What the task requires: Transcribe the entries exactly. Start at the top, stop after the line with "Boho Burgundy Floral", and omit every picture.

Records provided:

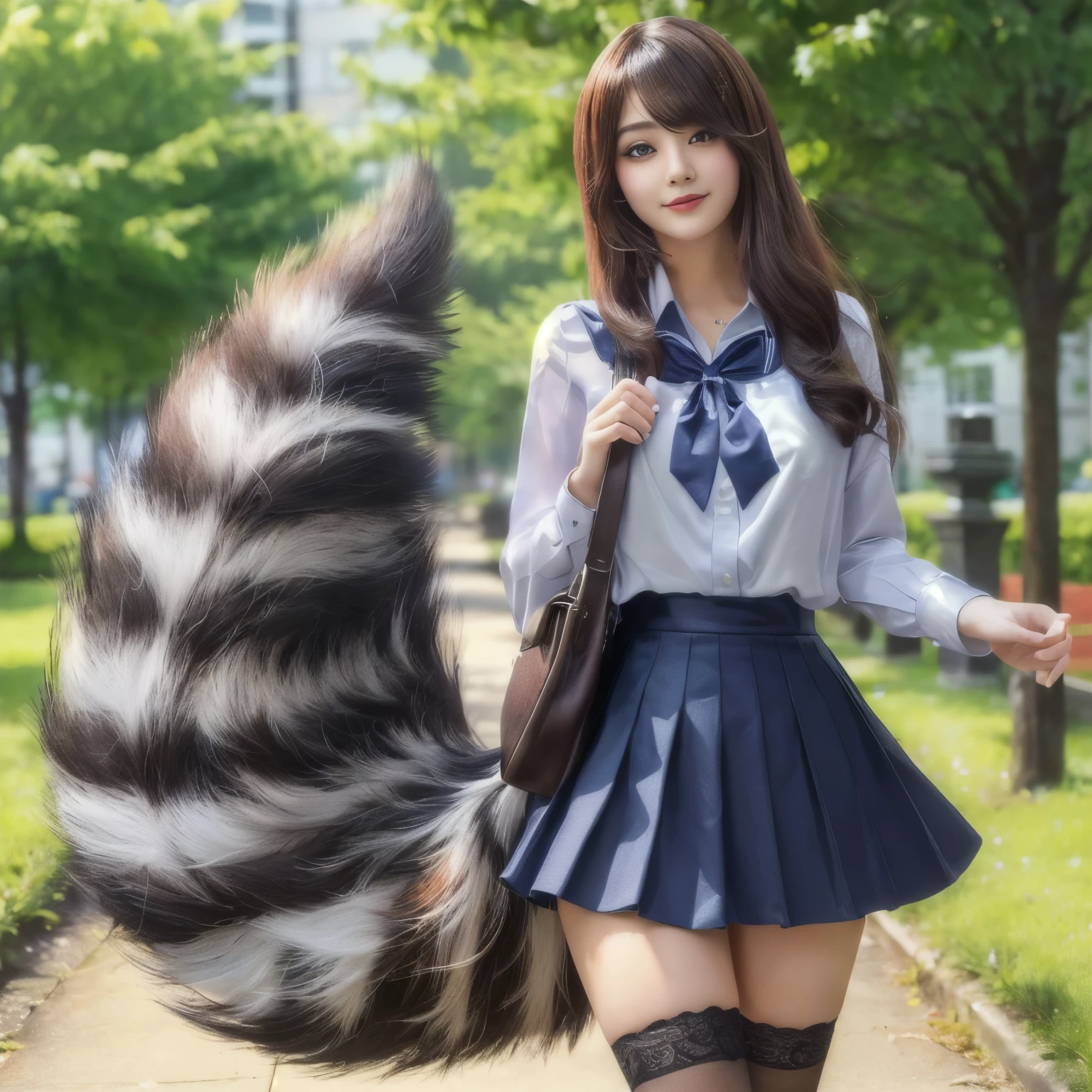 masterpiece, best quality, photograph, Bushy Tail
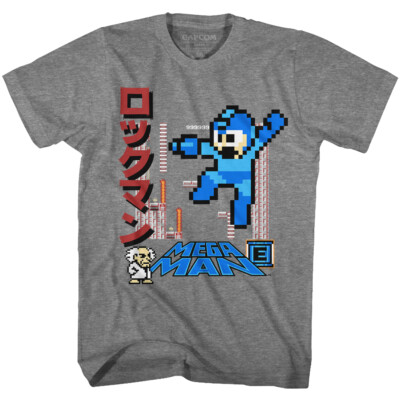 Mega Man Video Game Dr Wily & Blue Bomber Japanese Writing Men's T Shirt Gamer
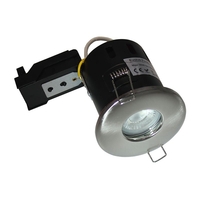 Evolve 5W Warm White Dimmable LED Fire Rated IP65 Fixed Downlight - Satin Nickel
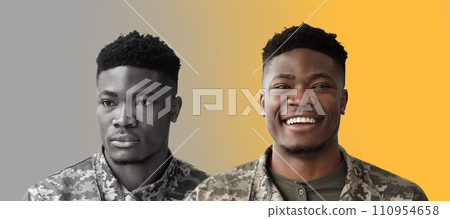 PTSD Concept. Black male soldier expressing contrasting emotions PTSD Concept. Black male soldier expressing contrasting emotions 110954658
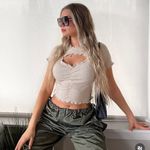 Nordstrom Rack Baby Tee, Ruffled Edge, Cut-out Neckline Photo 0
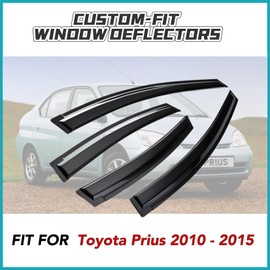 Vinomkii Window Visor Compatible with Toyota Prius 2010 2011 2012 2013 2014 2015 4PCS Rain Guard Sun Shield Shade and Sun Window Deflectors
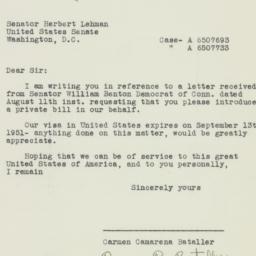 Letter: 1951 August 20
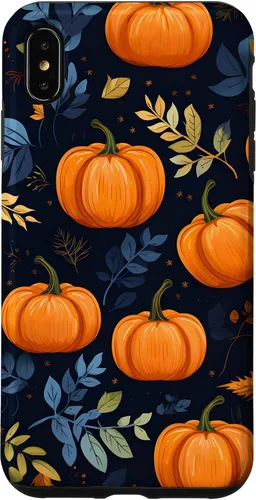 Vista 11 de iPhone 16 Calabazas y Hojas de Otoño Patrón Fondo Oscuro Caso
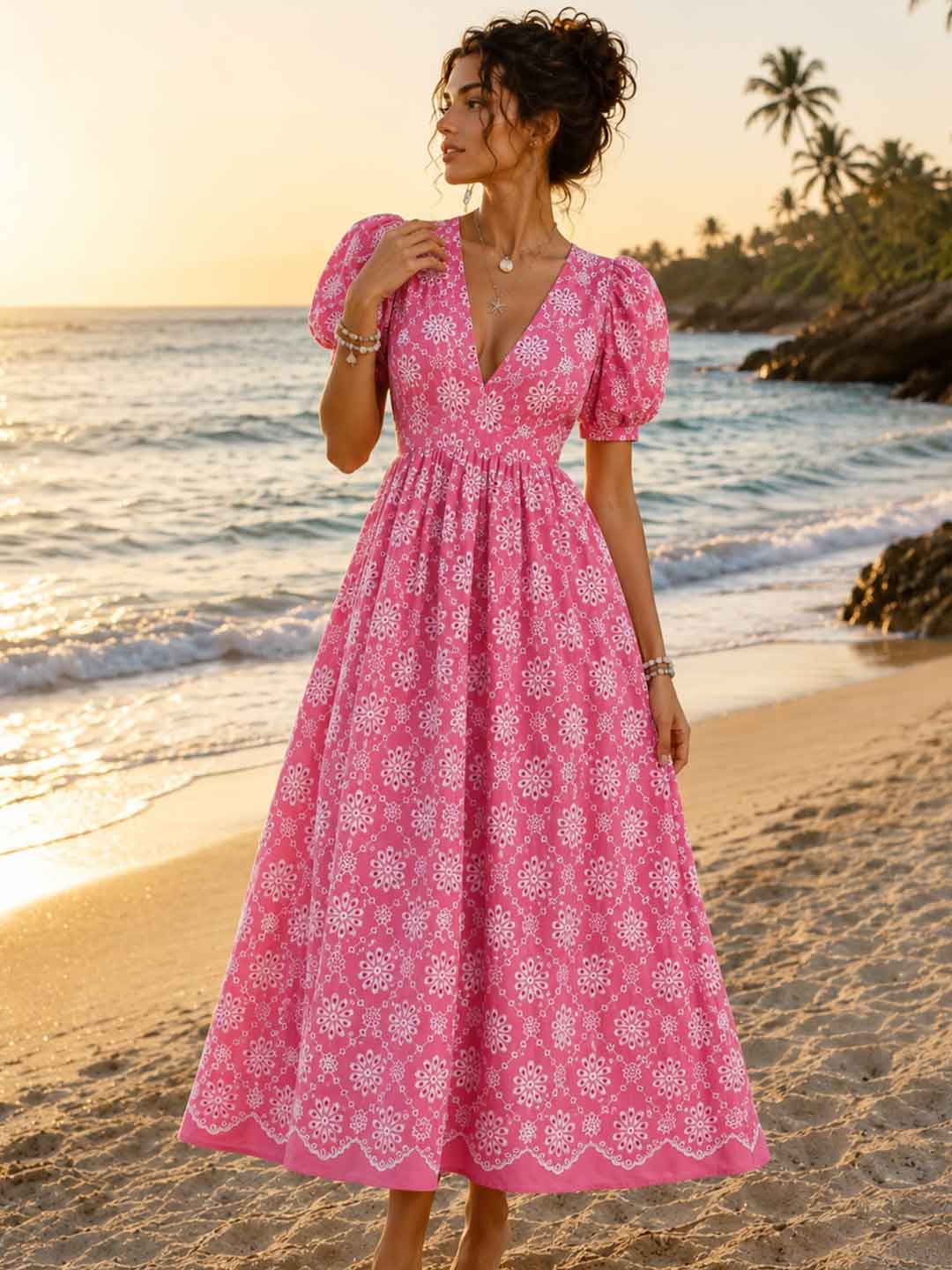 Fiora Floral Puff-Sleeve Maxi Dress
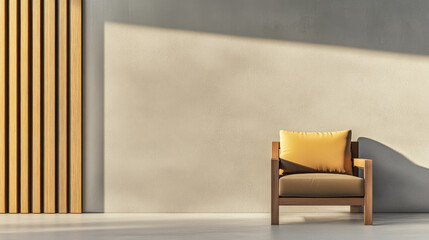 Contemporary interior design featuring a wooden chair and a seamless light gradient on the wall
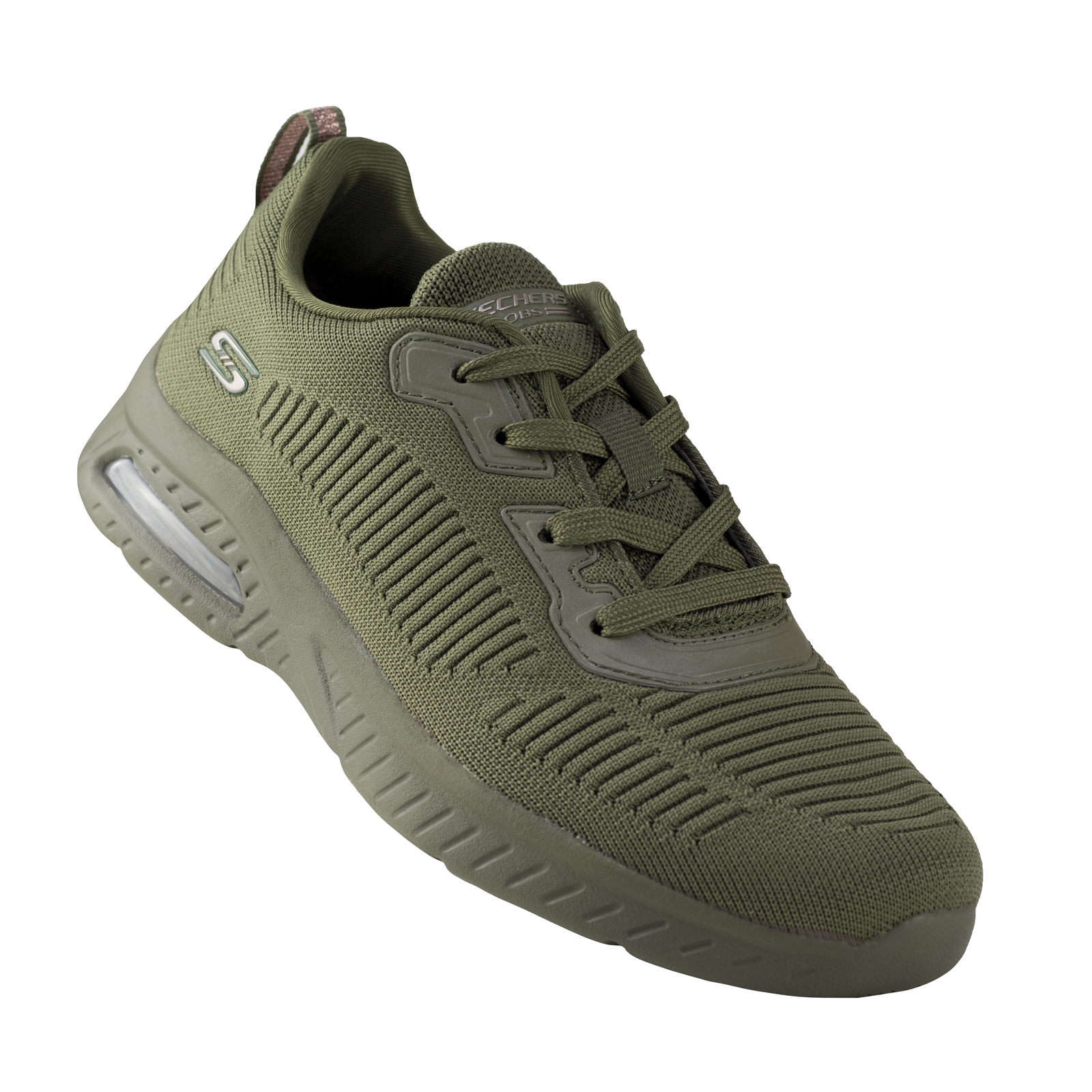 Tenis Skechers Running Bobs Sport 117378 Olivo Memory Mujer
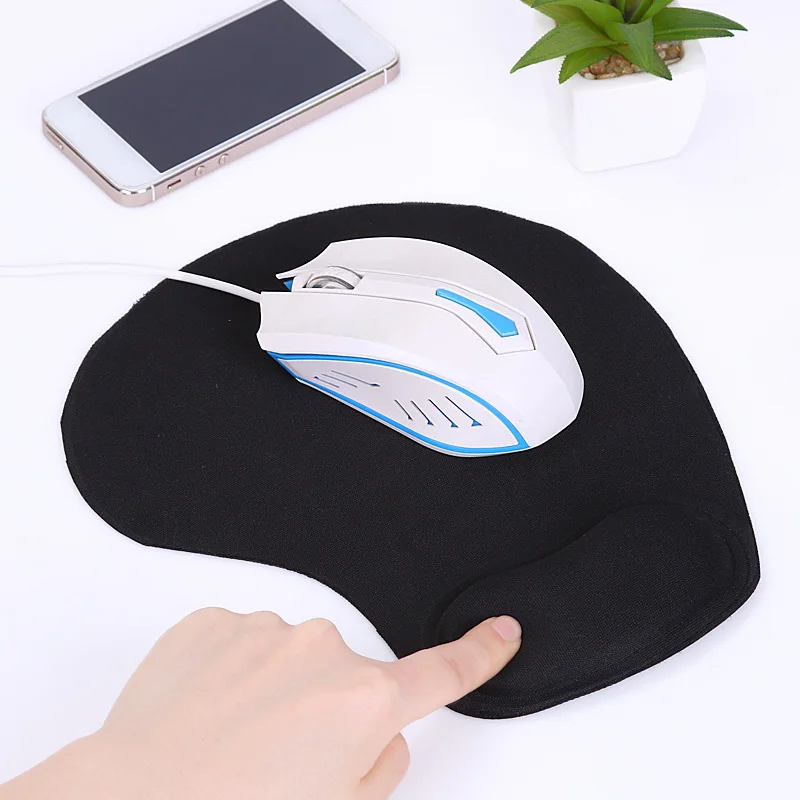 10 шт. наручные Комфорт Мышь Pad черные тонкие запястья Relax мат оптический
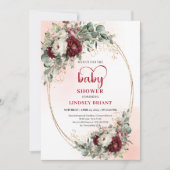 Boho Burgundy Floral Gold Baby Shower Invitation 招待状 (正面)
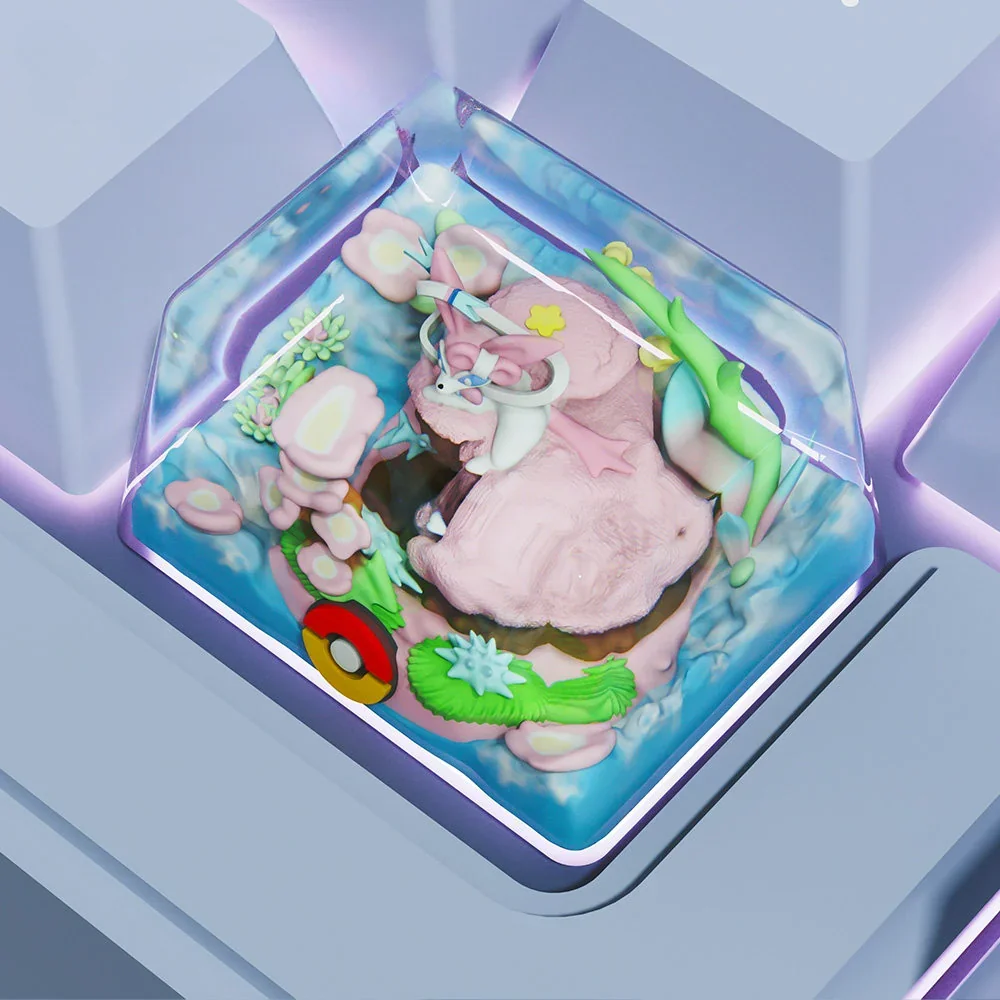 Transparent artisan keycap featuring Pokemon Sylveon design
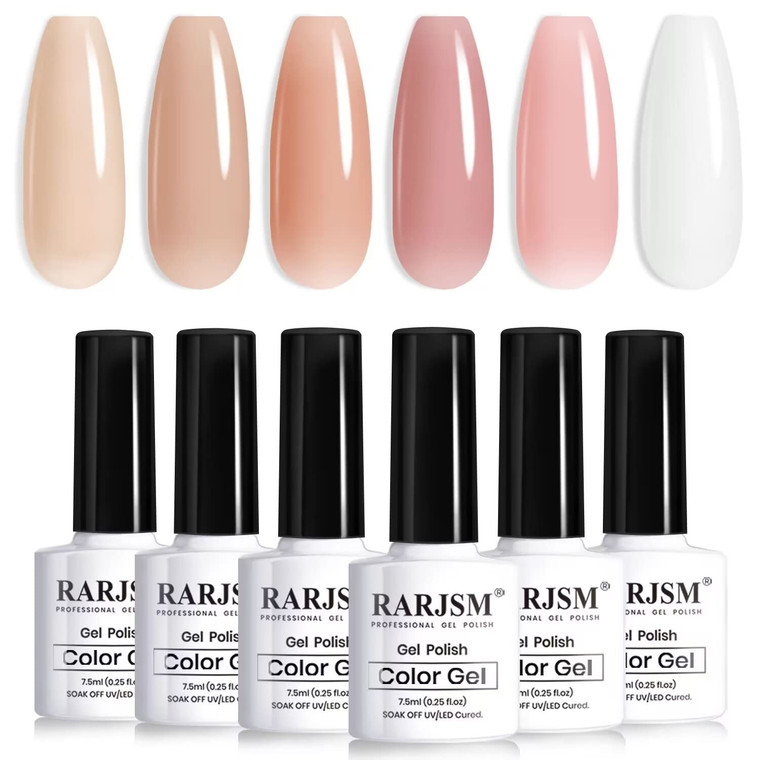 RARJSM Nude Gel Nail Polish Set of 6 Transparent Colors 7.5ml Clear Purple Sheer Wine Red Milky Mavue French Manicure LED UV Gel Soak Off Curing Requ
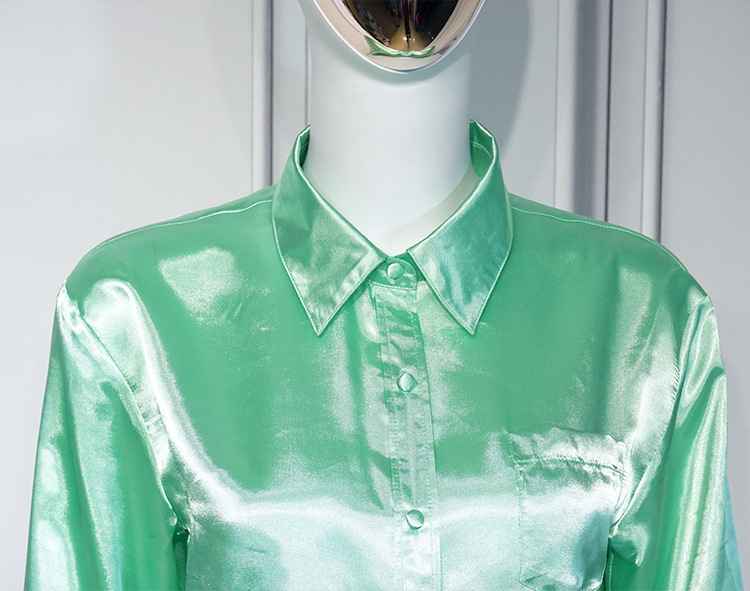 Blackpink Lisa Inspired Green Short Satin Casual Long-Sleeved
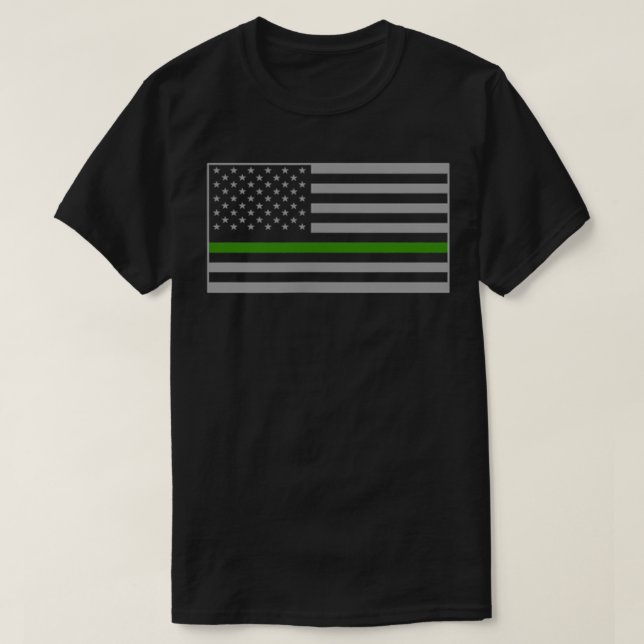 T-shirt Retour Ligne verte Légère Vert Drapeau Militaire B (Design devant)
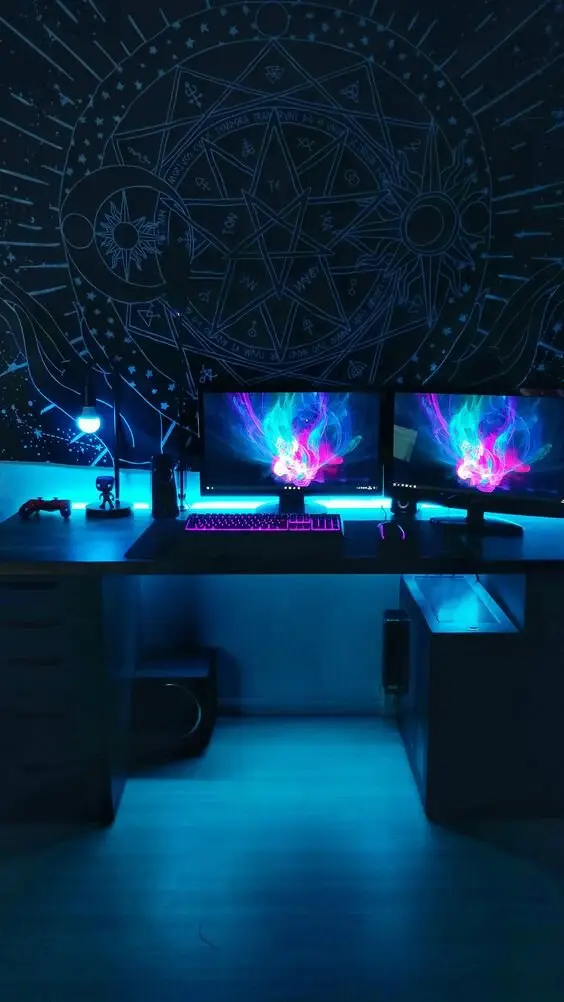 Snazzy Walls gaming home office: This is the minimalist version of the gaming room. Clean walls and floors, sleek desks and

Response below:
 masterpiece, best quality, photograph, Bushy Tail
 Mega Man Video Game Dr Wily & Blue Bomber Japanese Writing Men's T Shirt Gamer
 Evolve 5W Warm White Dimmable LED Fire Rated IP65 Fixed Downlight - Satin Nickel
 PTSD Concept. Black male soldier expressing contrasting emotions PTSD Concept. Black male soldier expressing contrasting emotions 110954658
 Nordstrom Rack Baby Tee, Ruffled Edge, Cut-out Neckline Photo 0
 Vinomkii Window Visor Compatible with Toyota Prius 2010 2011 2012 2013 2014 2015 4PCS Rain Guard Sun Shield Shade and Sun Window Deflectors
 Letter: 1951 August 20
 Vista 11 de iPhone 16 Calabazas y Hojas de Otoño Patrón Fondo Oscuro Caso
 Fiora Floral Puff-Sleeve Maxi Dress
 Contemporary interior design featuring a wooden chair and a seamless light gradient on the wall
 Tenis Skechers Running Bobs Sport 117378 Olivo Memory Mujer
 10 шт. наручные Комфорт Мышь Pad черные тонкие запястья Relax мат оптический
 Boho Burgundy Floral Gold Baby Shower Invitation 招待状 (正面)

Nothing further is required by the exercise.